Paul Burleson said...

Richard,

What a delight to hear from you.

Those were very special times at Southcliff and when the pulpit committee first talked with us about coming, Mary and I agreed that one of our desires was to bring in men and women who would expose to seminarians a wide range of ideas beyond what might be the typical for them.

Then, after arriving in Fort Worth, we found that a lot of the non-typical we desired was already available on campus through people like T.W, Hunt, Roy Fish, Oscar Thompson, and that just begins the list.

I could post MANY further stories about them all.

Thanks again and stay in touch, please!

Aussie John said...

Paul,

I agree with what T.W, believed, but, must confess that I have been on both ends of the debate to some small degree.

My only gripe, in bygone days, with some of the newer songs was the continued repetition of phrases and words that had no subject, or if they did, the subject was "ME", "ME","ME".

I studied everything I could find on revival, and still want to see it in my lifetime, but, as I've told people many times, when it comes many will either reject it outright, or hold strong reservations for a long time.

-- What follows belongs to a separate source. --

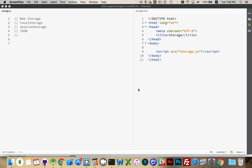All right, let's talk about web storage. There's two different versions of this: local storage and session storage. They both have the exact same methods, the same property.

For myself,coming to grips with the New Covenant has made my walk much more real what theology has taught.

The resistence to anything that rocks our set-in-concrete theological complacenct arrogance in mind when I began my latest blog, about the New Covenant,with these words:

"I can never remember reading about any light being shone in understanding theological matters, no matter how orthodox, without there being, at least some, charges of heresy, or something similar. There seems to be a tendency to jump to conclusions about what someone says or writes, without careful examination of the teaching, or facts".

Aussie John said...

Paul,

Oh! Shame!

The sentence beginning "For myself," should read, "For myself,coming to grips with the New Covenant has made my walk much more real than the theory of theology."